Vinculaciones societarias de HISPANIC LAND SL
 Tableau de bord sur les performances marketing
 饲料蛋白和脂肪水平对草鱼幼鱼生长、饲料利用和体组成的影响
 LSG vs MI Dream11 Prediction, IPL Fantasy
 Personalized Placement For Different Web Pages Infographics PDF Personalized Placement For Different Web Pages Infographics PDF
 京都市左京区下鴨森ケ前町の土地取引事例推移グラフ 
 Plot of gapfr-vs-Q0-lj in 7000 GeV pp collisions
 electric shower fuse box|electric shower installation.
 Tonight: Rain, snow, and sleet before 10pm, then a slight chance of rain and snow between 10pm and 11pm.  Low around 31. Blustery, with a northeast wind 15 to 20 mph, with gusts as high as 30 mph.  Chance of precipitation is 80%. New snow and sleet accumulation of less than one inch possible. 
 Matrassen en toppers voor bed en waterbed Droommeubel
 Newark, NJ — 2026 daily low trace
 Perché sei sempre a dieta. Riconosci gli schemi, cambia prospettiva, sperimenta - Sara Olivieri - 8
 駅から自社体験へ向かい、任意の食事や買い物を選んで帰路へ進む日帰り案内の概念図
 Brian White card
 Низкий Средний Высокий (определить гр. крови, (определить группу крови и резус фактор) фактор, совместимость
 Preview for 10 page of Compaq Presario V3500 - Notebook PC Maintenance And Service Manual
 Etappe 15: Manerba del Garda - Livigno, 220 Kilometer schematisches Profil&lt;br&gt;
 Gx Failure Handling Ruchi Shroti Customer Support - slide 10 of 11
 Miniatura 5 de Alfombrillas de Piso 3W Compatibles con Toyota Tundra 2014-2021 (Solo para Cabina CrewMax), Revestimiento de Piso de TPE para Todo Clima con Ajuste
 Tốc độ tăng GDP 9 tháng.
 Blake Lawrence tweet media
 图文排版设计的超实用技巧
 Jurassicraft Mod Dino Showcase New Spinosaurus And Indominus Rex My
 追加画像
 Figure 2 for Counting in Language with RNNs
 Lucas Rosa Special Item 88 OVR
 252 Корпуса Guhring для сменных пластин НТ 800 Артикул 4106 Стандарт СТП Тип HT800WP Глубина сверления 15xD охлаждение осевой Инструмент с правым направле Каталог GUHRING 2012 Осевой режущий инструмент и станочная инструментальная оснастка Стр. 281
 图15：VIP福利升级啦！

....

→ **AIM OF THE EXERCISE**
Write out every record, exactly as written.

→ **ANSWER FOR THE TASK**
Vinculaciones societarias de HISPANIC LAND SL
 Tableau de bord sur les performances marketing
 饲料蛋白和脂肪水平对草鱼幼鱼生长、饲料利用和体组成的影响
 LSG vs MI Dream11 Prediction, IPL Fantasy
 Personalized Placement For Different Web Pages Infographics PDF Personalized Placement For Different Web Pages Infographics PDF
 京都市左京区下鴨森ケ前町の土地取引事例推移グラフ 
 Plot of gapfr-vs-Q0-lj in 7000 GeV pp collisions
 electric shower fuse box|electric shower installation.
 Tonight: Rain, snow, and sleet before 10pm, then a slight chance of rain and snow between 10pm and 11pm.  Low around 31. Blustery, with a northeast wind 15 to 20 mph, with gusts as high as 30 mph.  Chance of precipitation is 80%. New snow and sleet accumulation of less than one inch possible. 
 Matrassen en toppers voor bed en waterbed Droommeubel
 Newark, NJ — 2026 daily low trace
 Perché sei sempre a dieta. Riconosci gli schemi, cambia prospettiva, sperimenta - Sara Olivieri - 8
 駅から自社体験へ向かい、任意の食事や買い物を選んで帰路へ進む日帰り案内の概念図
 Brian White card
 Низкий Средний Высокий (определить гр. крови, (определить группу крови и резус фактор) фактор, совместимость
 Preview for 10 page of Compaq Presario V3500 - Notebook PC Maintenance And Service Manual
 Etappe 15: Manerba del Garda - Livigno, 220 Kilometer schematisches Profil&lt;br&gt;
 Gx Failure Handling Ruchi Shroti Customer Support - slide 10 of 11
 Miniatura 5 de Alfombrillas de Piso 3W Compatibles con Toyota Tundra 2014-2021 (Solo para Cabina CrewMax), Revestimiento de Piso de TPE para Todo Clima con Ajuste
 Tốc độ tăng GDP 9 tháng.
 Blake Lawrence tweet media
 图文排版设计的超实用技巧
 Jurassicraft Mod Dino Showcase New Spinosaurus And Indominus Rex My
 追加画像
 Figure 2 for Counting in Language with RNNs
 Lucas Rosa Special Item 88 OVR
 252 Корпуса Guhring для сменных пластин НТ 800 Артикул 4106 Стандарт СТП Тип HT800WP Глубина сверления 15xD охлаждение осевой Инструмент с правым направле Каталог GUHRING 2012 Осевой режущий инструмент и станочная инструментальная оснастка Стр. 281
 图15：VIP福利升级啦！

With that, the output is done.